Juari
From PokerAI
Juari is pokerbot project developed by Nimar Arora which is based on opponent modeling and action selection in poker. The below article is reprinted from the author's home page. On the website, there is also presentation on the bot.
Contents |
Overview
"Juari" (gambler in hindi) is a project aimed at modeling opponents in a game of poker, predicting the opponent hand, and determining the appropriate action to take in a poker game to maximize the expected payoff.
Poker is an interesting game to study since it's a game of chance and of imperfect information unlike backgammon, in which both players have perfect information, or chess, where there is perfect information and no element of chance either. Games such as poker present similar challenges that an intelligent agent in the real world would have to face. As such, these games are of great interest, and it appears that so far machines haven't been able to do better than humans.
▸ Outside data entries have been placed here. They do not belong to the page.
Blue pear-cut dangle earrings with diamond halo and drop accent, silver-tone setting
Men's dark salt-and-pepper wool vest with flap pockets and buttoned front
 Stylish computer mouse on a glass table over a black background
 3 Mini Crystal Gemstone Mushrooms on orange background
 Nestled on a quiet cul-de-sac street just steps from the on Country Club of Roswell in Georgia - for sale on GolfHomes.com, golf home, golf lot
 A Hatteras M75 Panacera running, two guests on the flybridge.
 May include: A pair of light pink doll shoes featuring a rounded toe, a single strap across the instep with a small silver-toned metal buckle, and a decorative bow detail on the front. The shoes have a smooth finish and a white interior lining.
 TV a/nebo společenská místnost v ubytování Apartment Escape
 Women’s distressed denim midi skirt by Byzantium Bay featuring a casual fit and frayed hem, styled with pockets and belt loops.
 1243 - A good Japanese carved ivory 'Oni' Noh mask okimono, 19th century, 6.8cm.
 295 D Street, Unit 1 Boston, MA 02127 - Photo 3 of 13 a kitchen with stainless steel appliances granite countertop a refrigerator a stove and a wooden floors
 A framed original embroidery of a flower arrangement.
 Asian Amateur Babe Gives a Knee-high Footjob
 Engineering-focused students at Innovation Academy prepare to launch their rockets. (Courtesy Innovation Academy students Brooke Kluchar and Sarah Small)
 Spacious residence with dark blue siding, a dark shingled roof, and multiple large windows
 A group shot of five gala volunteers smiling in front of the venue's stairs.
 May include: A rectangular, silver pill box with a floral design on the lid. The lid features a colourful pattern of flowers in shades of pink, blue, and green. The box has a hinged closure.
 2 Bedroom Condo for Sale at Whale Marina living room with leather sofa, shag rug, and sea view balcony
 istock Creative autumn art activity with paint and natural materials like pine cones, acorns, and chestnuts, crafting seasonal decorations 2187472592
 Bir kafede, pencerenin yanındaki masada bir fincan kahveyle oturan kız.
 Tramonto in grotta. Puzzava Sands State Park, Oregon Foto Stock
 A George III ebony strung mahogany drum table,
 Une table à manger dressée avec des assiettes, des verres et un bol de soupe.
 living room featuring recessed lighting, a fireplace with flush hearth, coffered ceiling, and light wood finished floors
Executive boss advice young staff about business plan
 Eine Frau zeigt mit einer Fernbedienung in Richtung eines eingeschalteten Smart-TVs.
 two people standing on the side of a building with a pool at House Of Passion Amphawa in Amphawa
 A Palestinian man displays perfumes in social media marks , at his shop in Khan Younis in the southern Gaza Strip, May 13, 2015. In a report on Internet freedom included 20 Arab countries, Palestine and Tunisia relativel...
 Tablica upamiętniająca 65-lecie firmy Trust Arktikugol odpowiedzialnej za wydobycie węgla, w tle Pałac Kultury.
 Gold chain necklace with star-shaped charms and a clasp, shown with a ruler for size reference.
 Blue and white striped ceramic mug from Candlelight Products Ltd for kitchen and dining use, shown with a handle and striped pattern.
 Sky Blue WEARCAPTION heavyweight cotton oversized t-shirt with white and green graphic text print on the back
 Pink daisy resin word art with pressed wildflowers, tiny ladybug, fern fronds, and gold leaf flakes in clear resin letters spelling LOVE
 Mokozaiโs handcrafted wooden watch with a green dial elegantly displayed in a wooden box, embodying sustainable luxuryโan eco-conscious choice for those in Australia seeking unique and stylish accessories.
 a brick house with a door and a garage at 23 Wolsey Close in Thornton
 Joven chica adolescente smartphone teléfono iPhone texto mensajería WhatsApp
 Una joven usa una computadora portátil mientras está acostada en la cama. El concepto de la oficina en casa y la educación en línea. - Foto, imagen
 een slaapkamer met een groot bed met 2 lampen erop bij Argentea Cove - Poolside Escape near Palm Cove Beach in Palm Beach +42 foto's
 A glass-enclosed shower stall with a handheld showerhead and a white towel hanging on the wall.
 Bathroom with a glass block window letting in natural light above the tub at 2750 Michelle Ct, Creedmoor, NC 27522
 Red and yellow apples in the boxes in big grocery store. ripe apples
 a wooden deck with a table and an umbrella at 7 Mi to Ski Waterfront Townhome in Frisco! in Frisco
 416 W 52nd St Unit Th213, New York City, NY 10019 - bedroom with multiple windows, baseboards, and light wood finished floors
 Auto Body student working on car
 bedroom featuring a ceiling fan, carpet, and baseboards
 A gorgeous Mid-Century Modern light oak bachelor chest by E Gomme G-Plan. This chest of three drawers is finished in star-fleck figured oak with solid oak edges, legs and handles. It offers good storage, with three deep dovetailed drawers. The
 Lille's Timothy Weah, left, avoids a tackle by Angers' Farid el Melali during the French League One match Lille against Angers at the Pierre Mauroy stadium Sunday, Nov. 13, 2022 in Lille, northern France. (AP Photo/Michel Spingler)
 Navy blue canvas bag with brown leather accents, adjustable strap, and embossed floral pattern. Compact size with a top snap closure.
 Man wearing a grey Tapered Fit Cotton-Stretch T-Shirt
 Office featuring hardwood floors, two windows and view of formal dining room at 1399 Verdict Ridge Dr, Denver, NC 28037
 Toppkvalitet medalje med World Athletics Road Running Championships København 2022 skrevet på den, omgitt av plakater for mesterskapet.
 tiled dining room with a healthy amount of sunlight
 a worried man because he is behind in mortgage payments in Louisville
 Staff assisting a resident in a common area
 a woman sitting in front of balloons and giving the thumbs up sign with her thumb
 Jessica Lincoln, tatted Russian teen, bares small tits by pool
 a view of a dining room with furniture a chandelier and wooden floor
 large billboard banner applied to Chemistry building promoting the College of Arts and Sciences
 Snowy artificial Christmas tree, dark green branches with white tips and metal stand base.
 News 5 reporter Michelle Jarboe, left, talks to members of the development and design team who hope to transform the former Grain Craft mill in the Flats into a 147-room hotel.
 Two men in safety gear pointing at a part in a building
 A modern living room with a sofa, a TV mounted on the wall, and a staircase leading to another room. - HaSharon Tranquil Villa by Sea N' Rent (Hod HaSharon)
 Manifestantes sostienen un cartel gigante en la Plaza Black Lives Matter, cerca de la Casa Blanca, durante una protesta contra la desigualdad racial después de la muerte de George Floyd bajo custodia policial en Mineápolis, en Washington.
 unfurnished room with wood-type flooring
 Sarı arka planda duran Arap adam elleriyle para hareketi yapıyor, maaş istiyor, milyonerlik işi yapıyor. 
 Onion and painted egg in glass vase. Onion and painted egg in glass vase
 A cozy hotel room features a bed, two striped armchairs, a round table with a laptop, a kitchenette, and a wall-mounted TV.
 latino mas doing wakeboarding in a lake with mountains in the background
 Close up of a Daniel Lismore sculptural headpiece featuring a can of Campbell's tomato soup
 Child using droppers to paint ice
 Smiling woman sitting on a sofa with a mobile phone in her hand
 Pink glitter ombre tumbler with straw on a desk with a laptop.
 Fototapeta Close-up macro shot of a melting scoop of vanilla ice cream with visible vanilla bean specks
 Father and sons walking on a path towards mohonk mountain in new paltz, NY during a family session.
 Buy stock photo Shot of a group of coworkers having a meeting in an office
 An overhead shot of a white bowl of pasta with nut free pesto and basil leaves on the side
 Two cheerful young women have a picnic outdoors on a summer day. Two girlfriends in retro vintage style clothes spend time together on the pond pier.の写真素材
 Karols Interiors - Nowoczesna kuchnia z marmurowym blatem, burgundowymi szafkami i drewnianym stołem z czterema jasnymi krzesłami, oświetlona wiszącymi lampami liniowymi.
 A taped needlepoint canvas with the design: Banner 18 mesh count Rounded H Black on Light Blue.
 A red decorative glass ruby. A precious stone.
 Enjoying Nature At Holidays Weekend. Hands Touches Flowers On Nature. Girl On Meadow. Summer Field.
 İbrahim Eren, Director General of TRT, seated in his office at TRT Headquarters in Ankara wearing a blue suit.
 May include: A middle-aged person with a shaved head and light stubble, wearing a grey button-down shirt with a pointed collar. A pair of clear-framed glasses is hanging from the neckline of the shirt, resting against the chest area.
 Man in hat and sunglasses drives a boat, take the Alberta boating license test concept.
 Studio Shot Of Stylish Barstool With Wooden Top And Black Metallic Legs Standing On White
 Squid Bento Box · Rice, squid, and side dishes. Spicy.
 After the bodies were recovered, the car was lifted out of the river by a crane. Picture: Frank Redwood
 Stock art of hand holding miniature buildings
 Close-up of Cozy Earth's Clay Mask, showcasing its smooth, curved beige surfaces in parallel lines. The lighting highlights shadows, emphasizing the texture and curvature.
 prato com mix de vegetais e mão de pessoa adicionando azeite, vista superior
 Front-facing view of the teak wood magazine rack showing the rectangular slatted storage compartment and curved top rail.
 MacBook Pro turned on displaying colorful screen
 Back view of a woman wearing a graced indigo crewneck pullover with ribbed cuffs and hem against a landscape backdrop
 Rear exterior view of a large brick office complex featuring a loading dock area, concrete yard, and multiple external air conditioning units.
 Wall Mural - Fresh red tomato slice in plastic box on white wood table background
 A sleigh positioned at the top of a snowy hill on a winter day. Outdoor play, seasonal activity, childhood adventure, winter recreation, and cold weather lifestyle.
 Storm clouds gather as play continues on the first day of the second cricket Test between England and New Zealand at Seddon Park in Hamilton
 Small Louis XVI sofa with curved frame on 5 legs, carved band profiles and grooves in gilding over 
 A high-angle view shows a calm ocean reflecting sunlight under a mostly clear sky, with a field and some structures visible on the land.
In this project, I am taking on a variant of poker known as Texas-hold'em. In this variant each player is initially dealt 2 hole cards which are only known to them. At this point, each player can make his first round bets or "fold." Then three "community" cards are dealt on the table, face up, known as the flop. The players do another round of betting, and then one more community card is dealt known as the "turn". After the turn betting, one final community cards is dealt, known as the "river." The players get to bet once more, and all the players still in the game have to display their cards in the "showdown." During the betting, each player can either raise the bet, match the current bet by calling, or can fold -- i.e. drop out of the game. A player can re-raise a raise, but once all players have called the betting round ends. This a limit variant of the game, which means that there can be at most 4 raises in each round. The size of the bet is fixed at around $10 in the first two rounds and $20 in the last two rounds. One final aspect of the game is known as the "blind." In each round one player has to bet blind, i.e. before seeing his hole cards and another player has to make half a bet before seeing his cards. These players are known as the big-blind and the small-blind respectively. The big blind and the small blind position rotates around the table so that every player gets to be the big blind and the small blind an equal number of times.
Prior Work
Poker has been studied extensively in the game theory community. It has been shown by John Nash that such games admit an equilibrium strategy such that no player can do any better by deviating from his equilibrium strategy. Further, since this is a zero sum game, and symmetrical in all the players, the equilibrium strategy would guarantee each player a zero payoff. Although an equilibrium strategy is optimal against an optimal opponent, there is no guarantee that such a strategy is optimal against sub-optimal strategy. Accordingly, there are two main approaches to poker. One involves finding the optimal strategy and playing it irrespective of the opponent. The other involves modeling the opponent and playing the perfect strategy to exploit the knowledge gleaned from the opponent model.
In order to find the equilibrium strategy for zero-sum two player games, it has been shown by Von Neuman that a min-max equation needs to be solved. This min-max equation can be represented as a linear program, and any linear programming techniques can be used to solve it. The main issue is in the actual representation of the strategy. Till the mid-nineties the best way to represent a randomized strategy was to consider a probability distribution over all possible deterministic strategies. This "normal form" of the payoff matrix is quite hard to deal with since it has an exponential number of rows and columns. It was later show by Koller et al. [1] that the normal form could be converted to the sequence form. In the sequence form, the number of rows and columns of the payoff matrix is linear in the size of the game tree, and hence, this becomes easier to solve. In poker, the size of the game tree is still quite large -- O(10^18). So, some amount of approximation is still needed. One approach known as PsiOpti [2], or psedu optimum, approximates the game of poker to a similar game with only O(10^7) game tree nodes and solves it.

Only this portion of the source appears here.